**YOUR GOAL**
The answer must consist solely of the lines below starting at the one containing "MuchoWow Textilposter Balkon" and ending at the one containing "Apartments Sirena - Modern", repeated exactly, with both ends included and all pictures omitted.

**EXERCISE DATA**
* * * * * * *

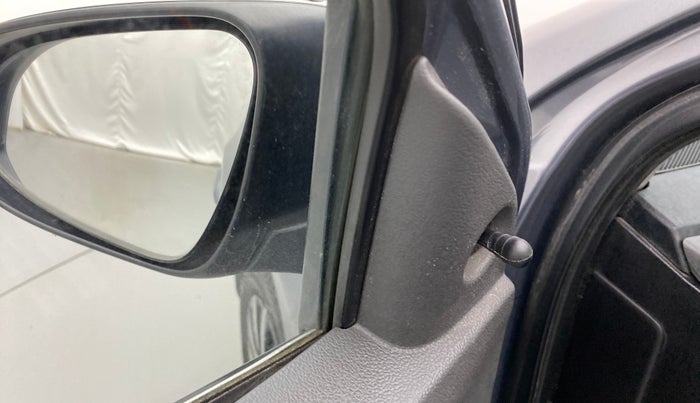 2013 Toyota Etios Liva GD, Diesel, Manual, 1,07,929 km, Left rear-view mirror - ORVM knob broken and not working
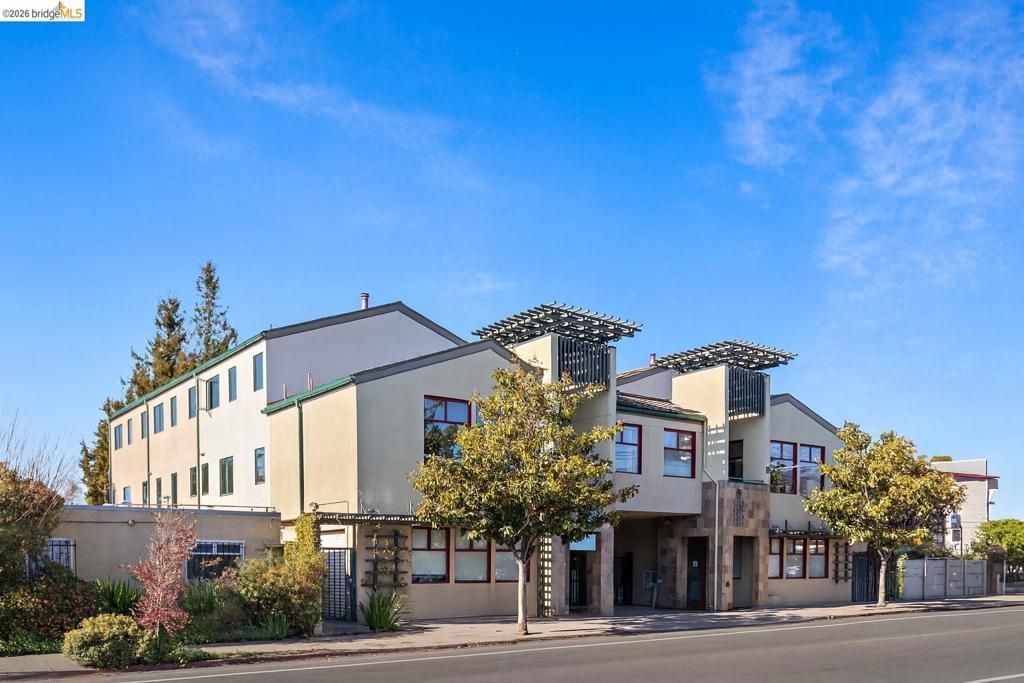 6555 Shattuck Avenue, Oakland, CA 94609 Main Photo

* * * * * * *

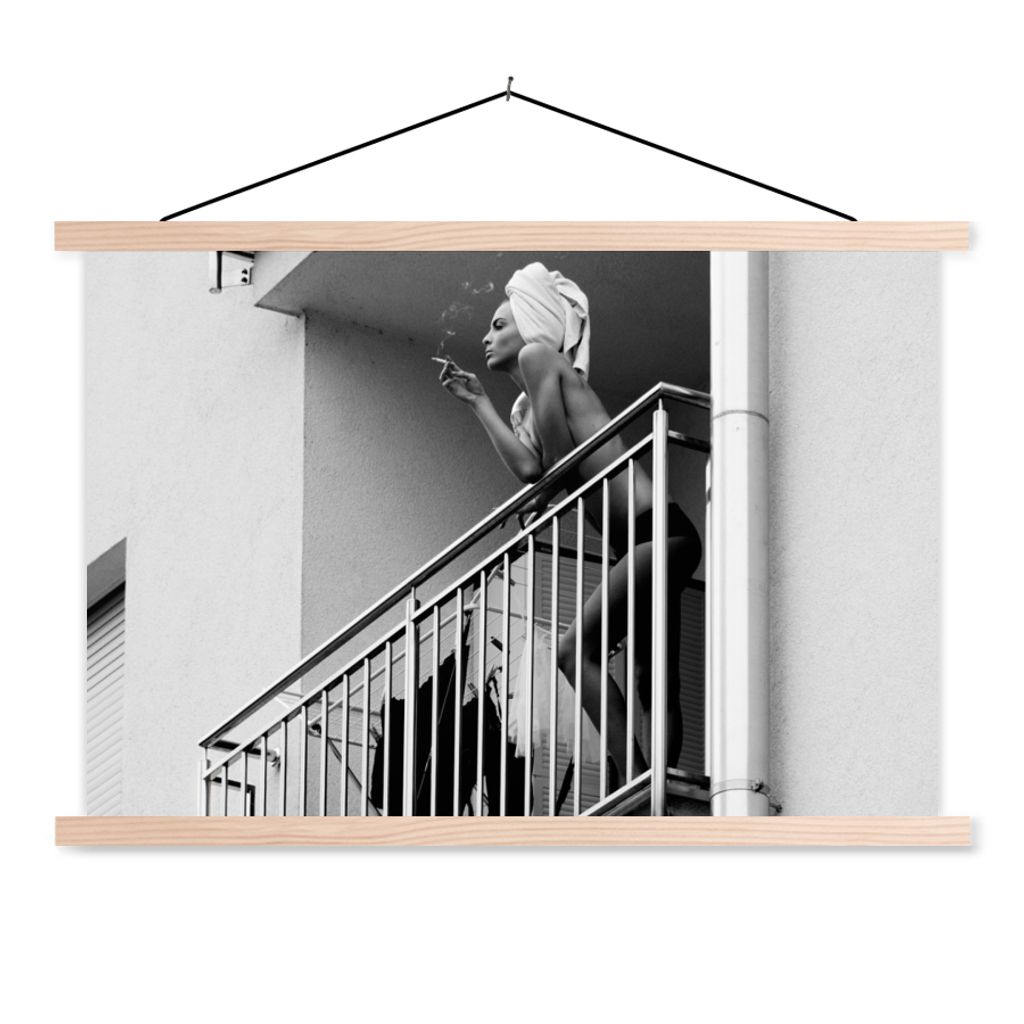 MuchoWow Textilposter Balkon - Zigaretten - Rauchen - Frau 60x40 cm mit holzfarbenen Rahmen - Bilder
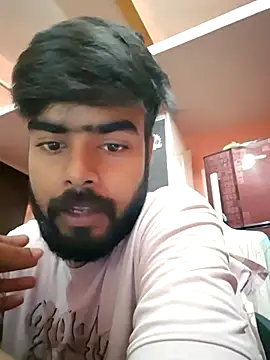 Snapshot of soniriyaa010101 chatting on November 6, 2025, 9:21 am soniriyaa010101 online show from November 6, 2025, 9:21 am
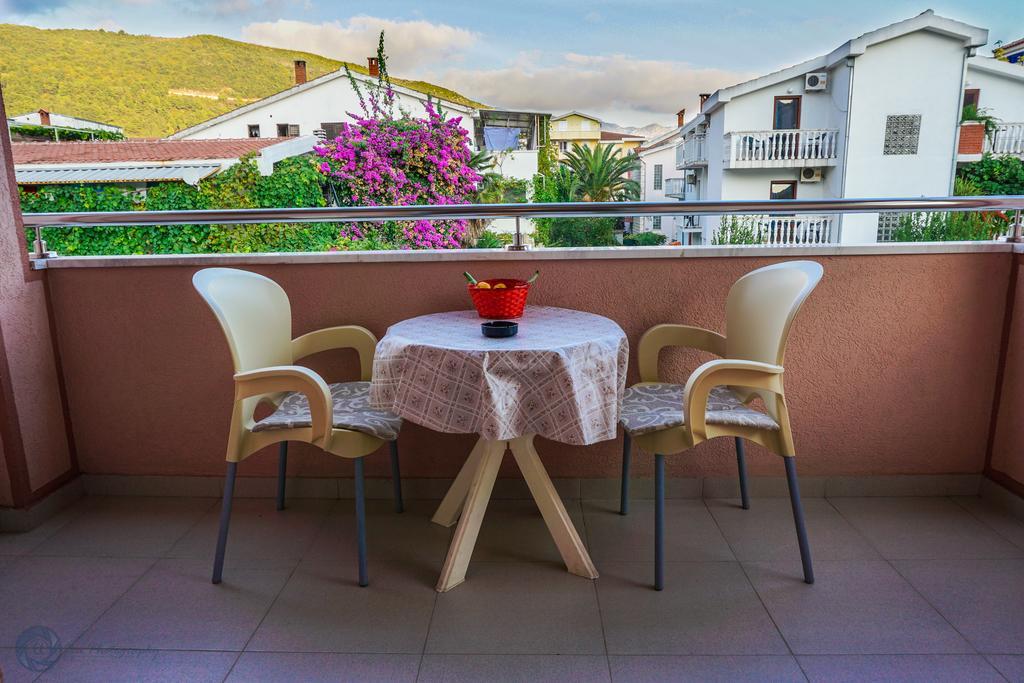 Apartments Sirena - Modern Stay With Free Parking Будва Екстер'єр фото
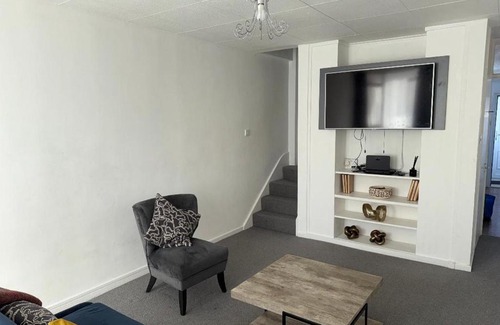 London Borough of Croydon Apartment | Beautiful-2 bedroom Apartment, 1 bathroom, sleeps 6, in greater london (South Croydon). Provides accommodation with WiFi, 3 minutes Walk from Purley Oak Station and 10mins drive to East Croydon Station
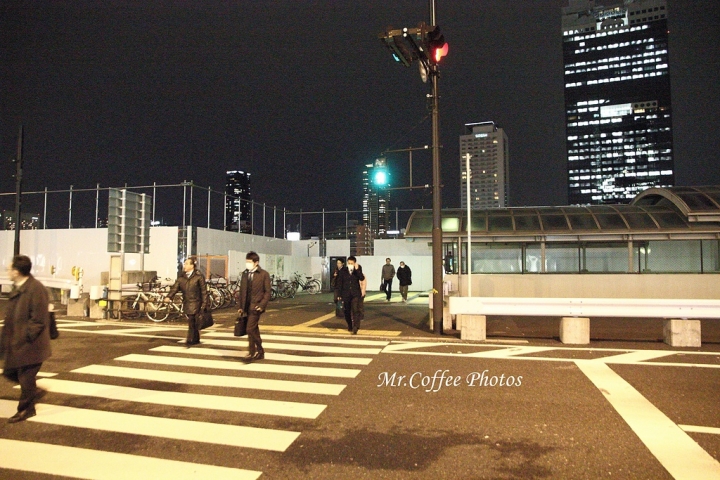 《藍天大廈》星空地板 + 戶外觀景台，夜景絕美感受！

* * * * * * *

**RESULT**
 MuchoWow Textilposter Balkon - Zigaretten - Rauchen - Frau 60x40 cm mit holzfarbenen Rahmen - Bilder
 Snapshot of soniriyaa010101 chatting on November 6, 2025, 9:21 am soniriyaa010101 online show from November 6, 2025, 9:21 am
 Apartments Sirena - Modern Stay With Free Parking Будва Екстер'єр фото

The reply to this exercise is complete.